4. You learn a lot about your faith when you are put through the fire.
My faith in God changed a lot during my sister's cancer. Not because I was so strong. It was just the opposite. I was so weak. For the first time in my life, I realized that I wasn't in control and I couldn't manipulate the future. I even tried to become the great deal maker with God.Finally I broke down and gave it all to God. For the first time in my life, my prayer life was real. I poured out every emotion in my body; anger, sadness, disappointment, and fear. Then I cried out for answers, peace, healing, hope. God answered in His own ways.I can't explain it, but my faith was strengthened in my brokenness.

5. The fight is still going on. We need to find a cure
I am very much aware that I and other's are here because  people continue to fight for a cure.
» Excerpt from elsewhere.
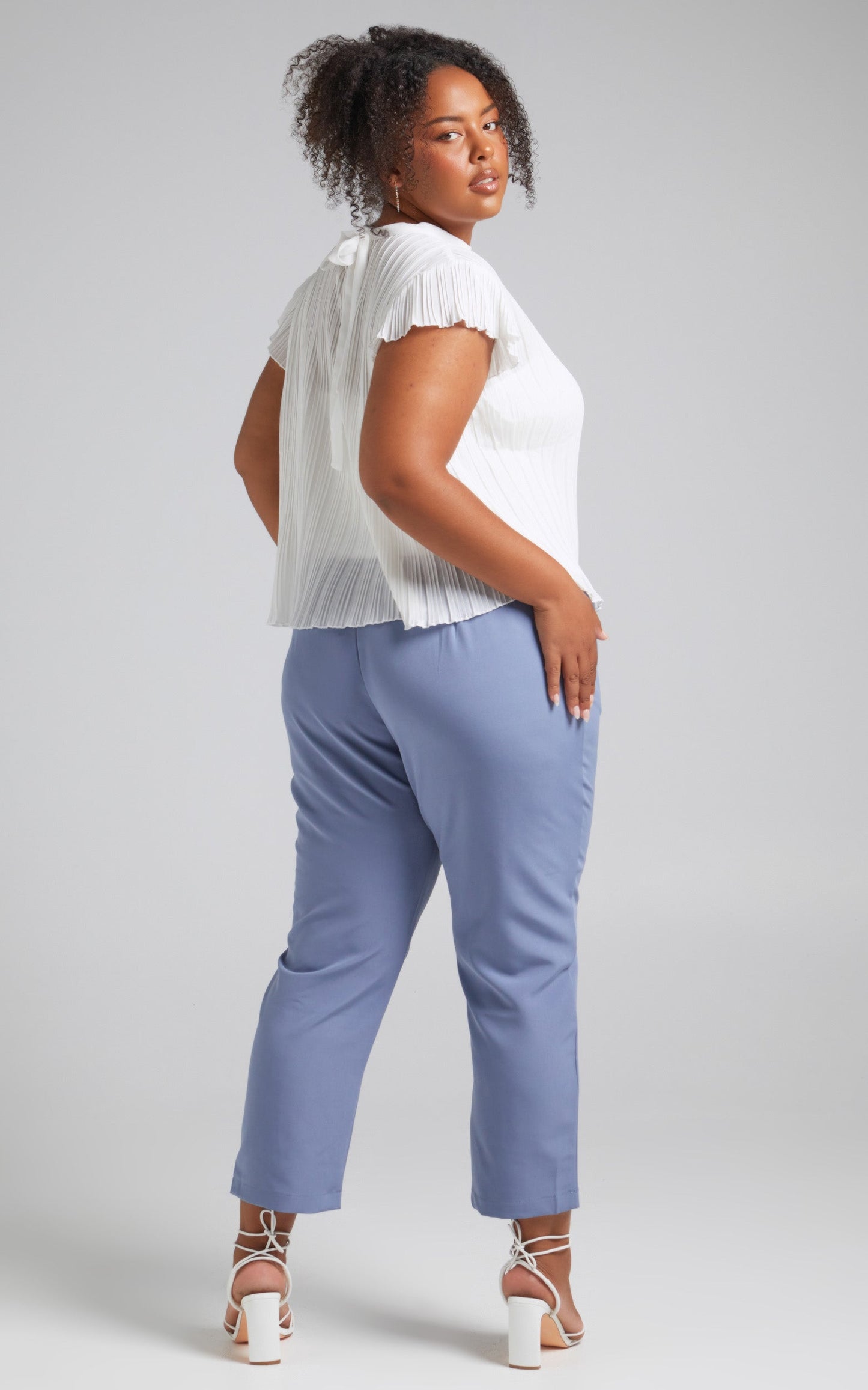 Damika Pants - High Waist Cropped Pin Tuck Pants in Blue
While I await my tests and forthcoming results, we all know someone who has cancer. Right now I have two very dear friends who are fighting cancer and one former friend who was waiting for tests with no health insurance.

My friend Michelle is watching her son go through his second battle with a rare tissue cancer. Jack  is such a sweet little guy. He should be playing with his friends, not laying in a hospital bed fighting for his life. We need to find a cure for Jack.

My other friend Julie was just diagnosed with cancer last week. Julie is a fighter; a glass-half-full kind of girl. She also has the most amazing heart. Just two years ago, she did a Breast Cancer walk to raise funds for cancer research. Now she is experiencing all of this on a personal level. We need to find a cure for Julie.

There are so many others that need our help. Embrace life, friends new and old, repair differences with friends   and loved one's! Open your arms, support them, be thankful, ask to do everyday chores, give them a ride, share is to short and nobody can have enough friends.